Source data:
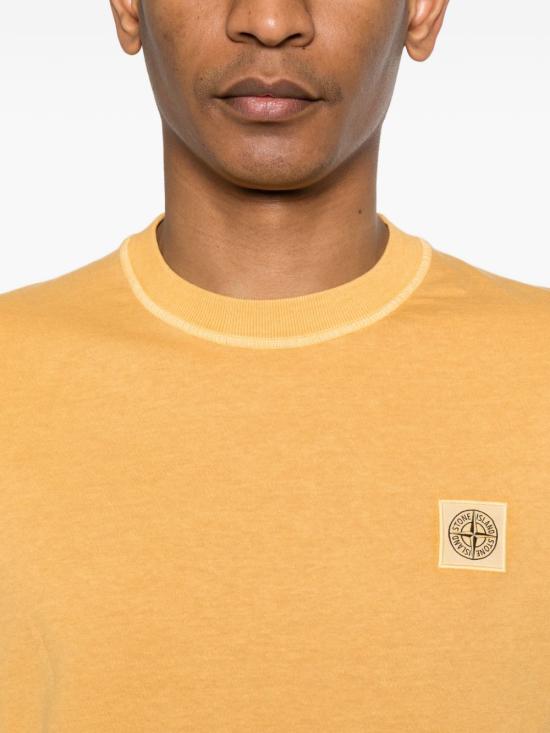 26SS 스톤 아일랜드 오가닉 코튼 저지 피사토 이펙트 티셔츠 L1S152100026 S0057V0134 - STONE ISLAND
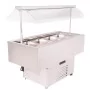 TECFRIGO - Desserte ISOLA inox bain-marie 4 GN 1/1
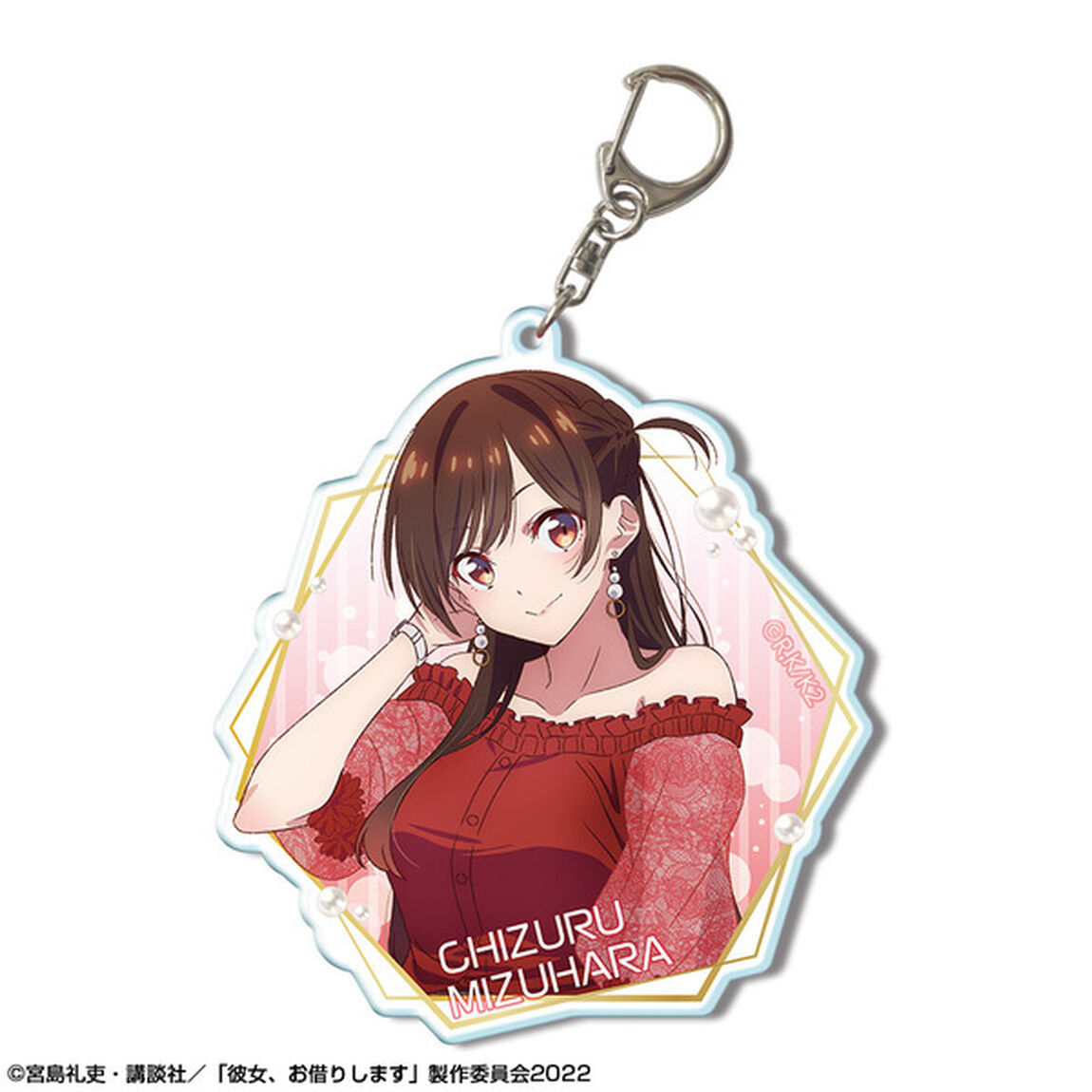 彼女、お借りします ビッグアクリルキーホルダー デザイン01(水原千鶴)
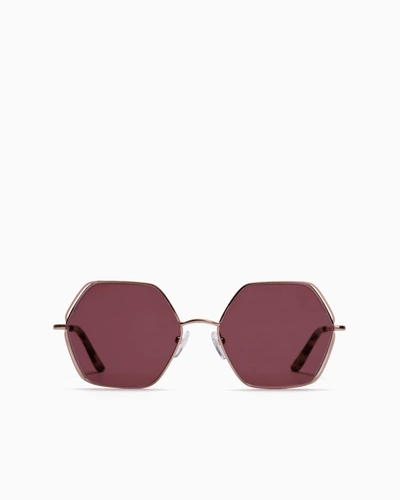 Shop Ramy Brook St. Tropez Hexagon Sunglasses In Gradient Pink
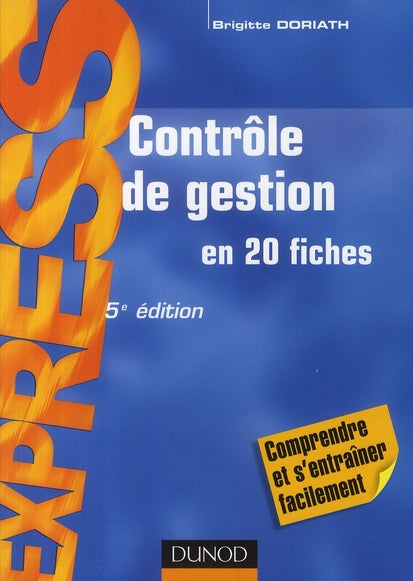 Contrôle de gestion ; en 20 fiches (5e édition)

● **Your instructions**
Send back every line above exactly, skipping all pictures.

● **Your response**
 26SS 스톤 아일랜드 오가닉 코튼 저지 피사토 이펙트 티셔츠 L1S152100026 S0057V0134 - STONE ISLAND
 TECFRIGO - Desserte ISOLA inox bain-marie 4 GN 1/1
 彼女、お借りします ビッグアクリルキーホルダー デザイン01(水原千鶴)
 Shop Ramy Brook St. Tropez Hexagon Sunglasses In Gradient Pink
 Contrôle de gestion ; en 20 fiches (5e édition)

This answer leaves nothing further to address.